How many ways can you pick (n-2) objects from a set of n objects with repetition?
if i start injecting myself with estrogen at aged 80, will i live longer?
does order matter? if so it's [math]n^{n-2}[/math], otherwise it's [math]\binom{2n-3}{n-2}[/math]
how did you come to that conclusion?
what conclusion? the combinatorics or estrogen stuff?
There was this extensive pocket book for engineers that everybody jerked off to saying it was fucking amazing.
I hear about it a bunch but now that I'm looking for it I can't find it, does anyone know what I'm talking about?
lol the combinatorics conclusion, I don't have any evidence backed input for the estrogen stuff, but it seems counter intuitive at least
how many distinct labelings are there for the two nonisomorphic labeled tree of 4 four vertices?
How would you find this for the 3 labeled nonisomorphic trees of 5 vertices?
If it's asking me to prove x^3-1/x-1=1+x+x^2 would just doing
>(x-1)(x^2+x+1)/(x-1)
>=x^2+x+1
be valid?
Wait what? The scalar? You mean the norms?
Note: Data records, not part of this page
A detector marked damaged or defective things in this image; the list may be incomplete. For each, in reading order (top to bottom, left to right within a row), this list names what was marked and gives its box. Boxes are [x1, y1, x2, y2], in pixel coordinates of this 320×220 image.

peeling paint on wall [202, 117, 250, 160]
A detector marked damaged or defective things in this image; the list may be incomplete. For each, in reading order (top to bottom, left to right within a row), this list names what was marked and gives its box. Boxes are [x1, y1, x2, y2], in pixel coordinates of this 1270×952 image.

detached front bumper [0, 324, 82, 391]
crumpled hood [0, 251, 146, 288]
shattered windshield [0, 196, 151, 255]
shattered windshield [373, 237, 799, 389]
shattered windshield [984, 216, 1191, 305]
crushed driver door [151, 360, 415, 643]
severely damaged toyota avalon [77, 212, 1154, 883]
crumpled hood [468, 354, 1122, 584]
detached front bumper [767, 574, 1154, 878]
the way you wrote it is a bit unclear but yeah multiply both sides by (x-1)
why the fuck do plots in mathematica default to a non-square aspect ratio
>le aesthetically pleasing golden ratio maymay
fuck off
this has to be the most misguided use of the golden ratio i've ever seen
actual retard here
I've been trying to play around with quadratic functions, and was trying to derive a quadratic-equation equivalent for the standard form (f(x) = a(x-h)^2 + k) by solving for x at 0:
a(x-h)^2 + k = 0
a(x-h)^2 = -k
(x-h)^2 = -k/a
x - h = +-sqrt(-k/a)
x = +-sqrt(-k/a) + h
When I plug the appropriate numbers in, I do get the right answers, but the signs are flipped compared to the equivalent function (f(x) = ax^2 + bx + c) with the quadratic equation.
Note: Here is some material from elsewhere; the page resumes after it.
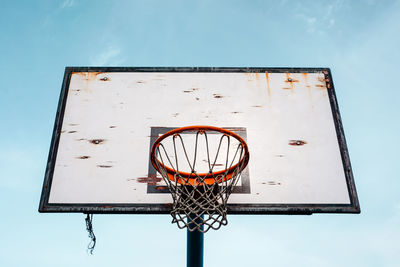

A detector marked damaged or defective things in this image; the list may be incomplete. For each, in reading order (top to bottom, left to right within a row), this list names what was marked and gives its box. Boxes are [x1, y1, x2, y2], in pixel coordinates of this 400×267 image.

rusty backboard [39, 67, 360, 216] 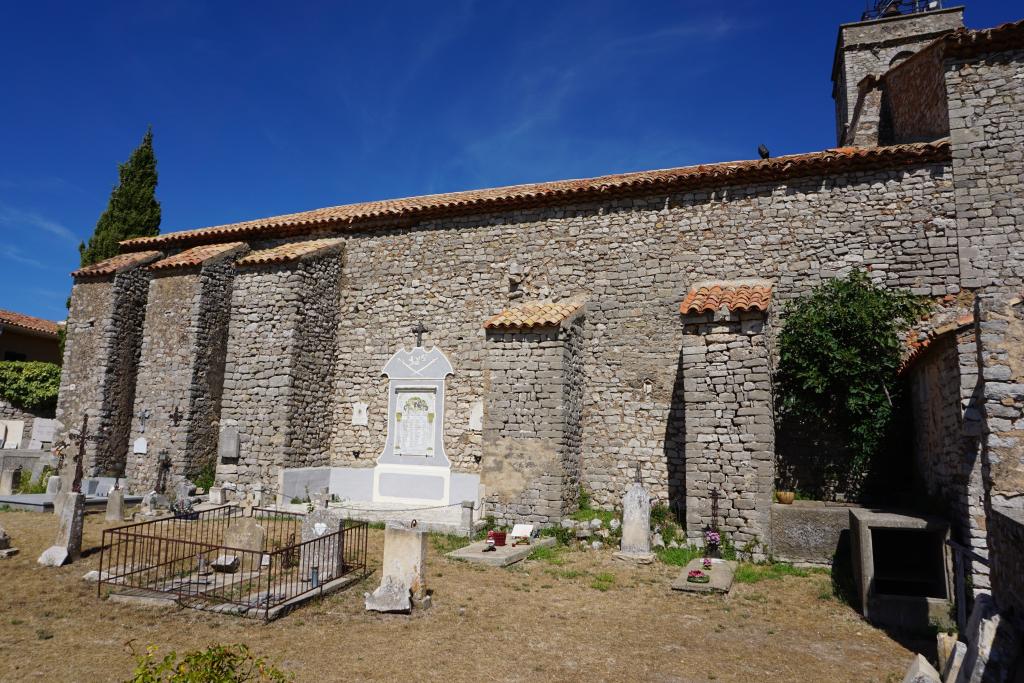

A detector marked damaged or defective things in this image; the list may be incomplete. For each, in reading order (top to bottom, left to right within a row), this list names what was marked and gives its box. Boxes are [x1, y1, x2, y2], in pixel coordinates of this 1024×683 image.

rusty iron fence [98, 501, 368, 618]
What does mathematics mean by this? I must be deriving it wrong, but I can't quite point out where I'm fucking up
can someone explain how the operation on (x1,x2) and (y1,y2) leading to (x1y1,x1y2+x2) is an affine transformation? how can i interpret this as point preserving? i feel so stupid jesus.
So just how broad is the definition for a "function"? Can I have one in three+ dimensional space? Can it be a surface, so long as each point on the XY plane has only one Z? Would a trail through space be considered a function, such that each X gives you only one Y,Z pair?
You can't devide by zero you fuckhead.